As the Indian Prime Minister Narendra Modi travelled to Dhaka to sign a land pact that will give around 50,000 people their choice of statehood, trade officials inked documents that should help unlock some of the potential along one of the world’s most populated trade routes.

Permanent contours are now affixed along the 4,000km of India’s Eastern flank, as Modi continues his internationalist policy which, Pakistan aside, has seen him seeking stronger ties with India’s neighbours. The deal was initially agreed in 1974, but not formally ratified until now, with Modi and his Bangladeshi counterpart Sheikh Hasina agreeing to exchange more than 150 disputed and – until now, economically isolated territories.

The agreement states that 75% of the line of credit will be used to purchase Indian goods and services for projects in Bangladesh – a country whose economic potential has been talked up, but for which the infrastructure deficit has been stifling. Political unrest has also plagued Bangladesh’s trade sector, with activists taking physical action to disrupt trade routes.
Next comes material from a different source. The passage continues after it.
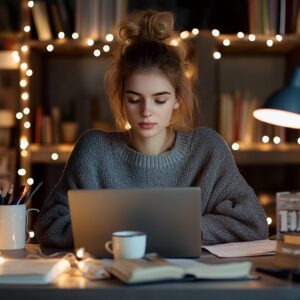 Student with hair in a bun working on a laptop surrounded by notebooks and warm decorative lights.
“Trade in the first quarter of 2015 was down due to the political unrest faced in the country, including due to the fact that goods could not be moved due to road blockades,” Ed Faber, a relationship manager at the Asian Development Bank told GTR upon returning from Dhaka this week. “But now the environment has improved and there are expectations of continued growth in trade and trade finance in Bangladesh. In particular the garments sector, which constitutes around 85% of exports and an important component of overall growth, remains buoyant.”

India was keen to talk up the potential benefit to its exports sector, as Modi continues to roll out his ambitious “Made in India” initiative, which has seen him pass laws to cut red tape in order to encourage manufacturing in the world’s second most populous nation.

More specifically, the agreement is an advancement of Modi’s “Look East” programme which has thus far seen India lend upward of US$6bn to Bangladesh, Nepal, Sri Lanka and the Maldives.

Speaking to local press, India Exim’s Chairman Yaduvendra Mathur said: “We have already provided a US$862mn line of credit to Bangladesh and this US$2bn is going to provide a big boost to project exports from India and help Indian companies. It is a big boost to manufacturing and projects but also will create jobs.”

It’s expected that the primary benefit will be to Indian firms associated with the construction materials sector, such as cement and steel.